CHINA> Regional
Lost army veteran finally back home
By Huang Zhiling (China Daily)
Updated: 2009-06-10 08:29

YUECHI, Sichuan: Liu Zhaohui, 88, has never had so many visitors.

Ever since the army veteran, who was stuck in Myanmar for 67 years, returned to his village Taojiago in Sichuan province's Yuechi county last Tuesday, there has been a queue of villagers outside his house eager to meet "the man who finally came back".

Lost army veteran finally back home


"I've been away from the village for 72 years, 67 of which I've spent in Myanmar," Liu almost shouts out. "I obviously appear to be a foreigner among the villagers here."

In March 1942, some 100,000 Chinese soldiers marched into Myanmar and freed about 7,000 British soldiers and 500 American missionaries and journalists held by Japanese troops after a fierce battle in Yenangyuang, reopening an all important Yunnan-Myanmar roadway.

Liu was one of them.

"We wore straw sandals, lived in tropical forests and often had nothing to eat," he told China Daily.

Once Liu and some 300 Chinese soldiers held their post on a mountain against more than 2,000 Japanese troops.

"We confronted the enemy for nearly half a month untilreinforcements arrived and eliminated the attackers," he said.

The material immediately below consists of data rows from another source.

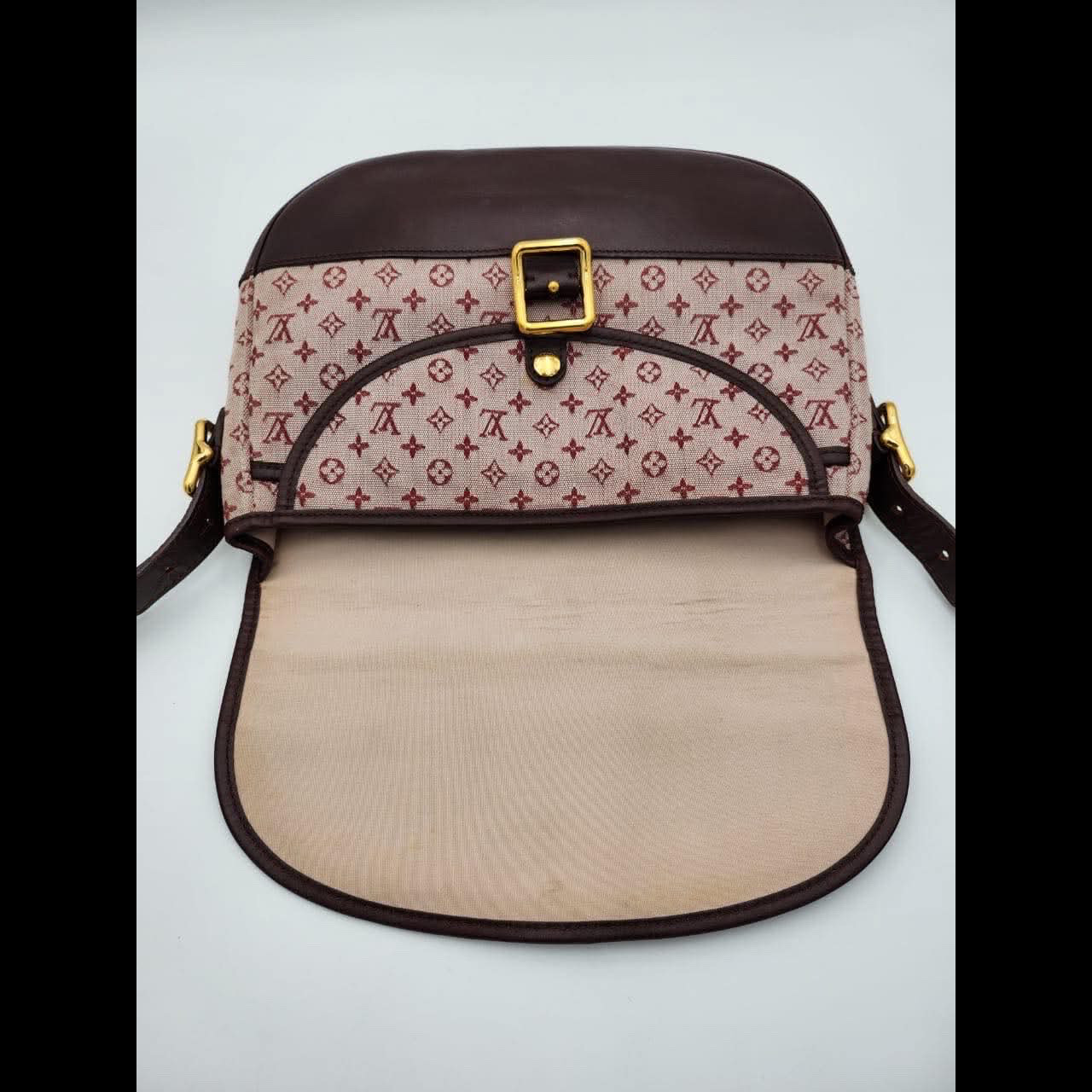 Louis Vuitton Mini Lin Marjorie Shoulder - 5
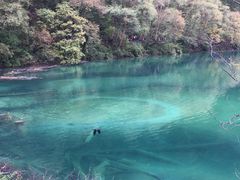 -阿莉餐厅(枣阳路店)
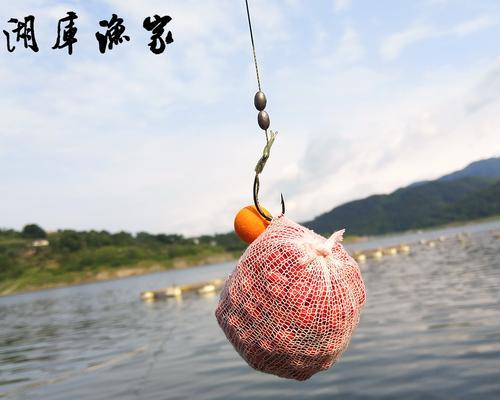 传统钓鱼技巧（掌握关键技巧，提高钓鱼效果）  第3张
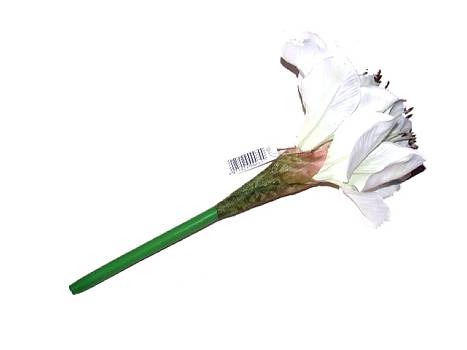 Kunstbl. Amaryllis 29cm creme-weiss/24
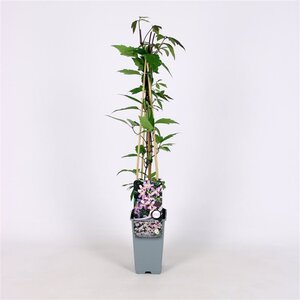 Clematis 'Elizabeth' 70 cm vierkant 2L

In 1944, Liu was separated from his army after a battle and lost all contact. He settled in Lashio, Myanmar, chopping firewood and digging fields to earn his bread. Returning to China was beyond his budget.

Ten years later, Liu had bought a plot of land in Myanmar, married a Chinese woman from Yunnan and had four sons and a daughter.

All his letters to his parents and siblings were returned, as the township, where his village was located, had changed its name.

"I thought I would never be able to return home. Whatever money I had was not enough for a trip to China," he said.

But Sun Chunlong, a reporter with the Beijing-based Oriental Outlook, reversed the fate of Liu and 21 similar veterans when he learned of more than 1,000 veterans, ignored by the country they promised to serve, who had struggled for decades doing odd jobs to stay alive in Myanmar.

By the time he uncovered the truth, only 21 of the veterans were alive.

"All of them have just one common wish, which was to return home before they die," Sun said.

Last month, Oriental Outlook weekly announced it would sponsor the Chinese veterans' return to their homeland.

Nine of them, including Liu, arrived in China on May 30.

"We didn't believe our ears when Sun phoned and asked me if I wanted to meet my long lost uncle. He had been gone for 72 years. How could they have found him, I wondered," said Dai Zhengshu, Liu's nephew.

Dai's father, Dai Mingjin, 87, recognized his brother-in-law Liu the second he saw him. "It's the scar on his head. He got that after he hit his head on a rock when we had gone fishing down to the river," Dai said.

Liu had two elder sisters and two younger brothers, all of whom are now dead. Dai Mingjin and Zhou Weifang, 60, his brother's wife, are the only family he has left.

Liu recognizes the taste of his favorite dish - double-cooked pork - cooked almost every day in Zhou's house since his return, but cannot recognize his village.

"The houses are so much better now. Even the roads are a lot wider," he said.

Zhou's house might be simple, but it's enough for Liu to keep warm and happy.

"What can I say? I just feel very lucky to be back after so many years," he said.